Recorded data:
__________________________________________________
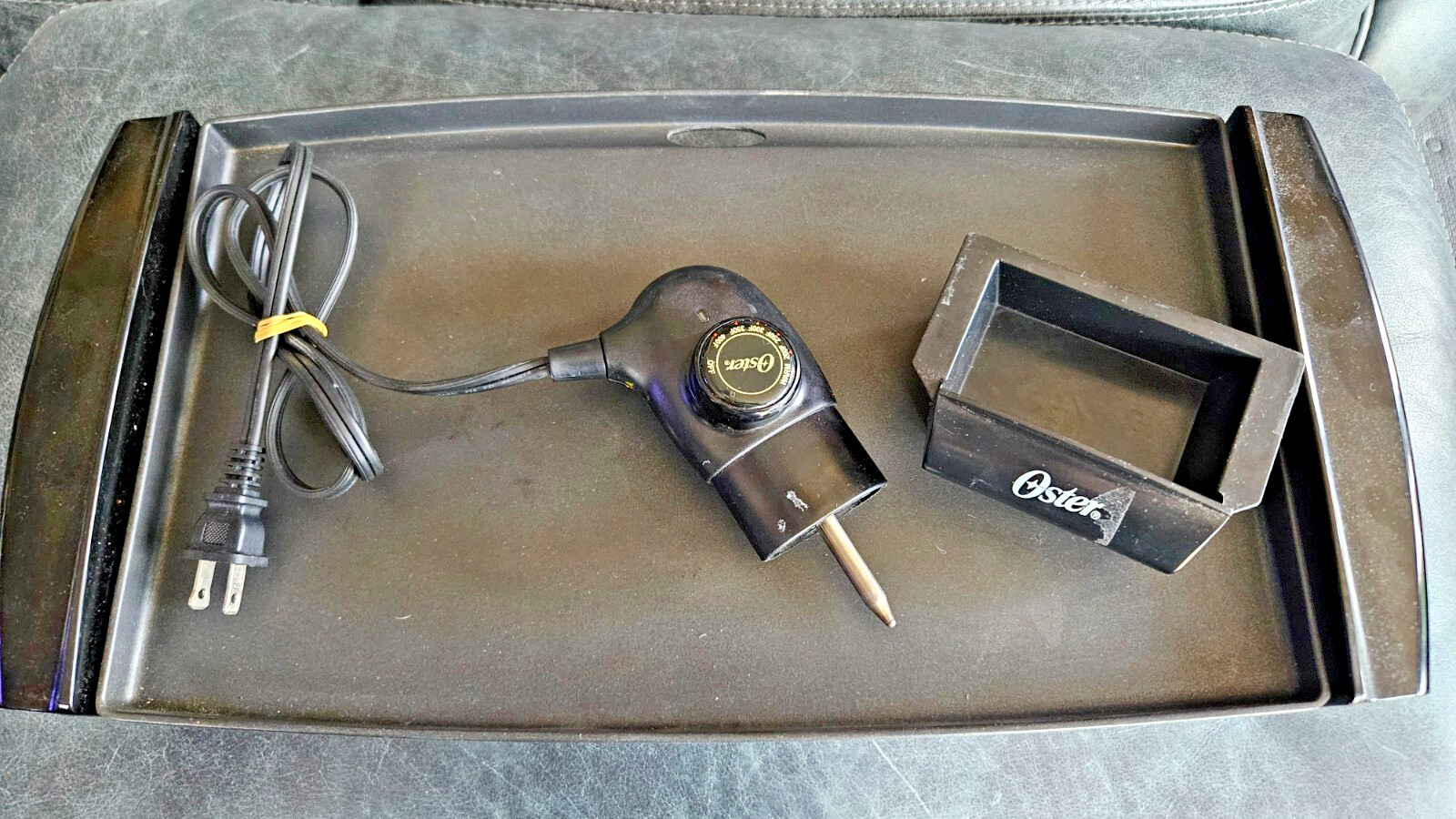 Oster Black Electric Griddle NON STICK 16”by 10” with plug in model TKSP S005-15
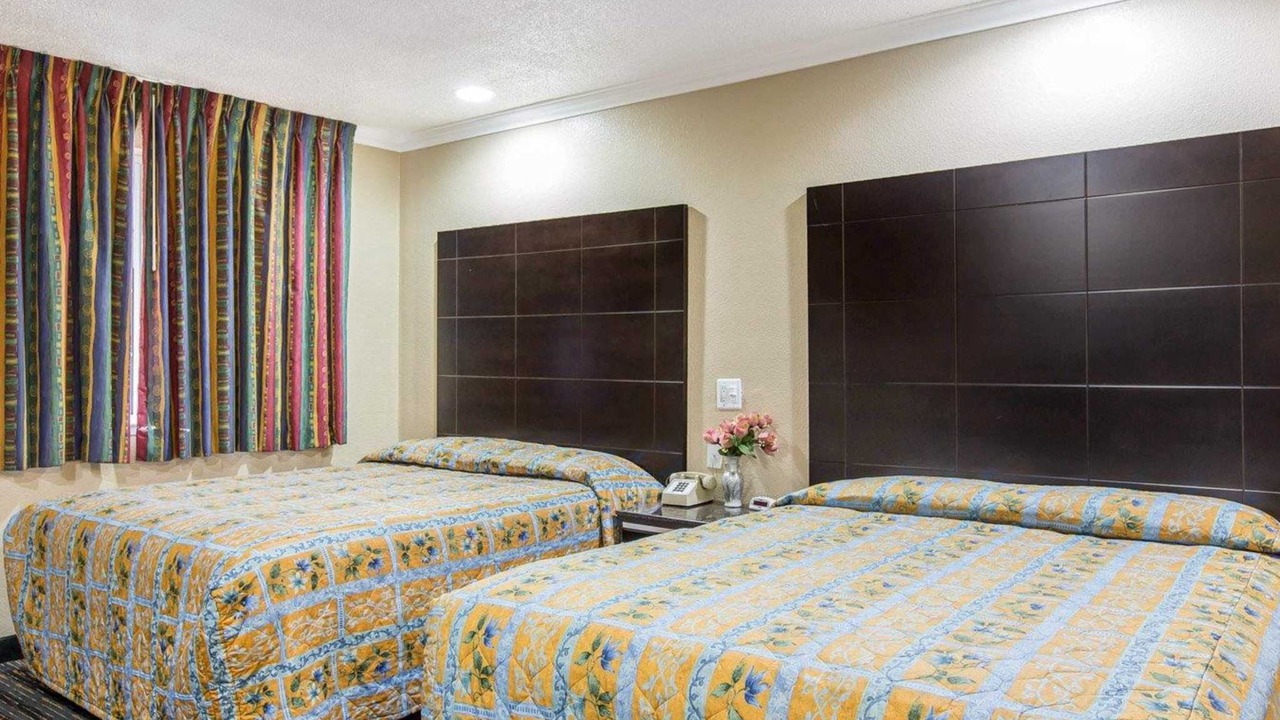 Photo of Bedroom in Carousel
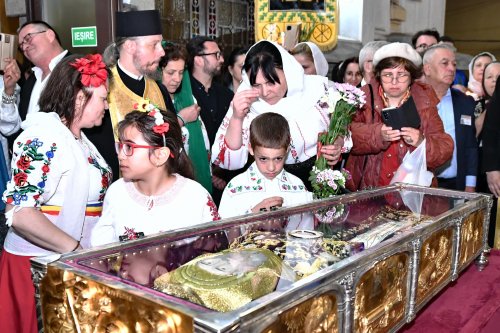 Pelerinajul istoric din Arhiepiscopia Bucureștilor a continuat în sectorul 4  Poza 292012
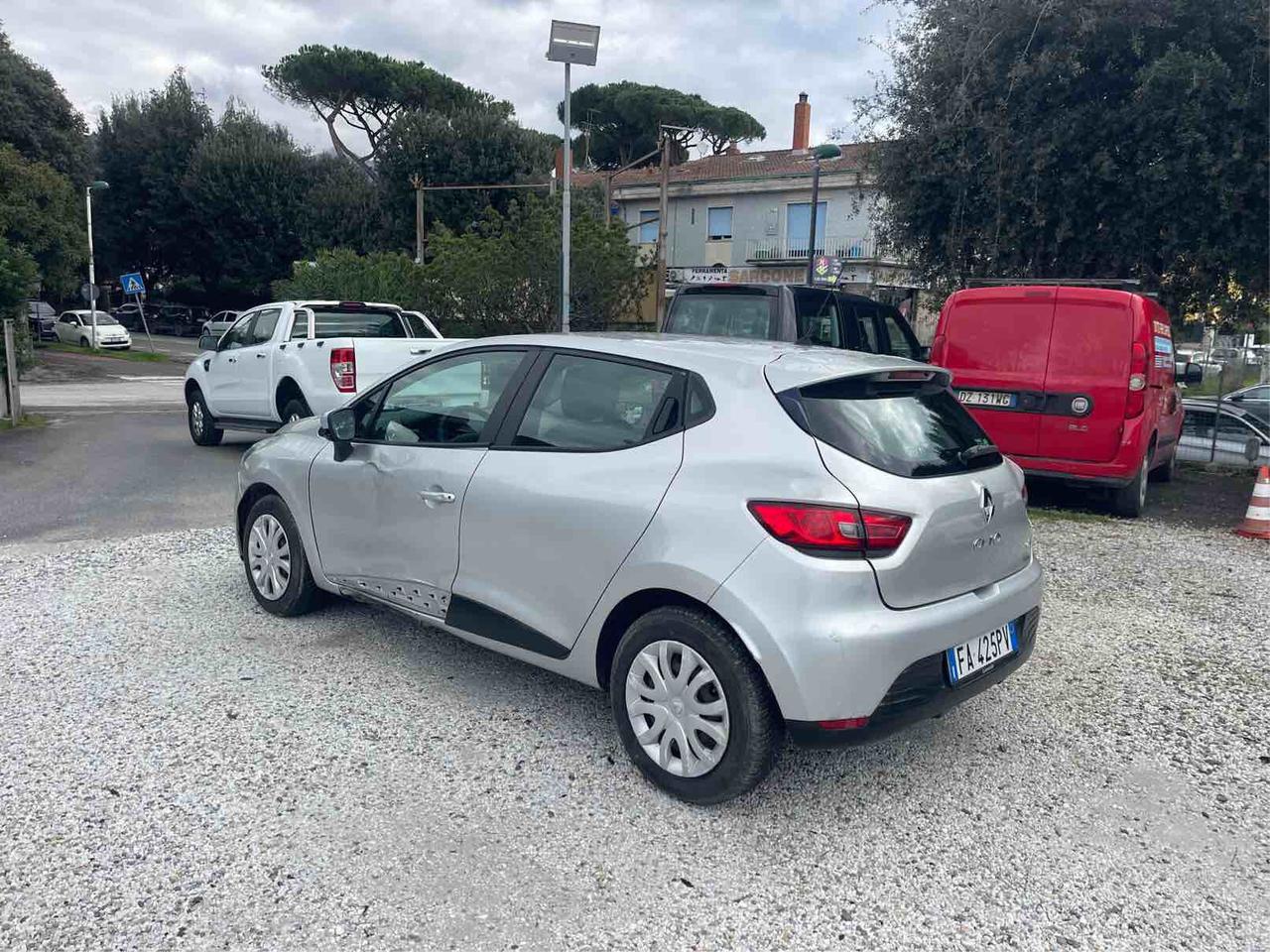 RENAULT CLIO - 1.5 DCI - BERLINA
__________________________________________________
Your assignment:
Copy every line above word for word and exclude the pictures.

Answer box:
 Oster Black Electric Griddle NON STICK 16”by 10” with plug in model TKSP S005-15
 Photo of Bedroom in Carousel
 Pelerinajul istoric din Arhiepiscopia Bucureștilor a continuat în sectorul 4  Poza 292012
 RENAULT CLIO - 1.5 DCI - BERLINA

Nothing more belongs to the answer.